On 5/2/23 8:28 AM, Amit Kapila wrote:
> On Fri, Apr 28, 2023 at 2:24 PM Drouvot, Bertrand
> <bertranddrouvot(dot)pg(at)gmail(dot)com> wrote:
>>
>> I can see V7 failing on "Cirrus CI / macOS - Ventura - Meson" only (other machines are not complaining).
>>
>> It does fail on "invalidated logical slots do not lead to retaining WAL", see https://cirrus-ci.com/task/4518083541336064
>>
>> I'm not sure why it is failing, any idea?
>>
>
> I think the reason for the failure is that on standby, the test is not
> able to remove the file corresponding to the invalid slot. You are
> using pg_switch_wal() to generate a switch record and I think you need
> one more WAL-generating statement after that to achieve your purpose
> which is that during checkpoint, the tes removes the WAL file
> corresponding to an invalid slot. Just doing checkpoint on primary may
> not serve the need as that doesn't lead to any new insertion of WAL on
> standby. Is your v6 failing in the same environment?

Thanks for the feedback!

No V6 was working fine.

> If not, then it
> is probably due to the reason that the test is doing insert after
> pg_switch_wal() in that version.

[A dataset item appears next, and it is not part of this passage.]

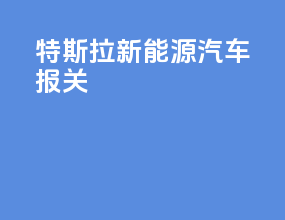 特斯拉新能源汽车报关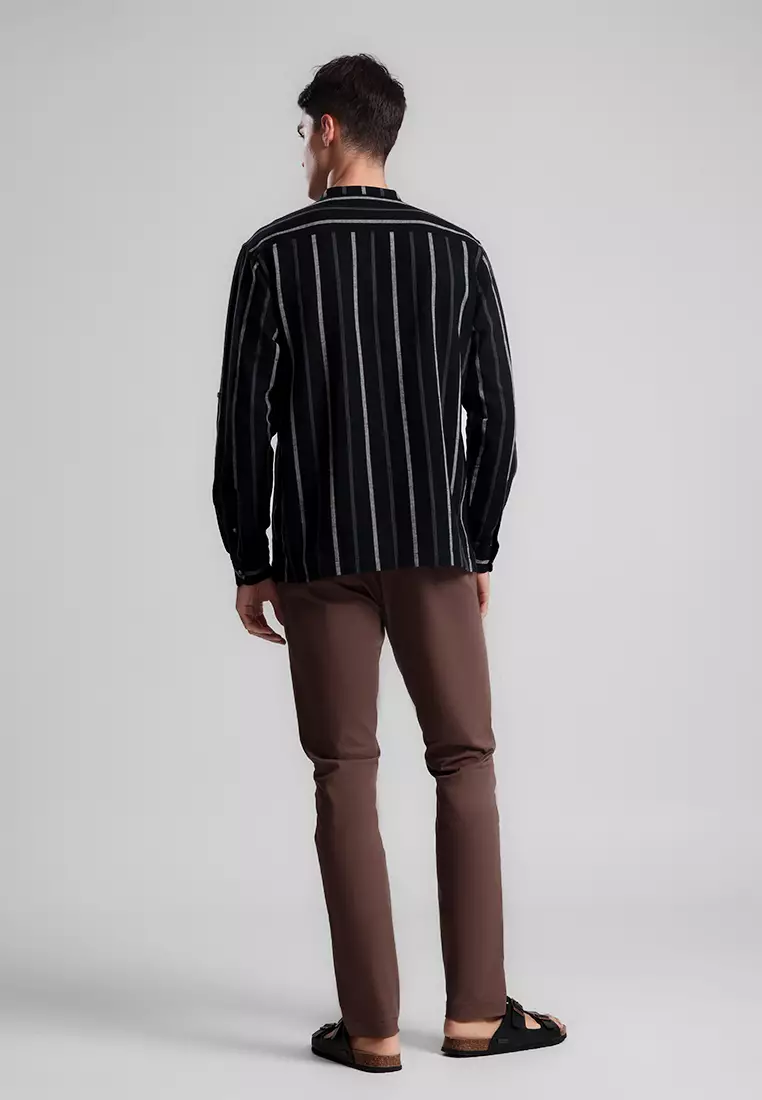 MANZONE - Kemeja Shanghai Lengan Panjang Pria Akhyar Comfort Fit - Black Warna Black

Why did you change the order of
> insert in v7?
>

I thought doing the insert before the switch was ok and as my local test
was running fine I did not re-consider the ordering.

> BTW, you can confirm the failure by changing the DEBUG2 message in
> RemoveOldXlogFiles() to LOG. In the case, where the test fails, it may
> not remove the WAL file corresponding to an invalid slot whereas it
> will remove the WAL file when the test succeeds.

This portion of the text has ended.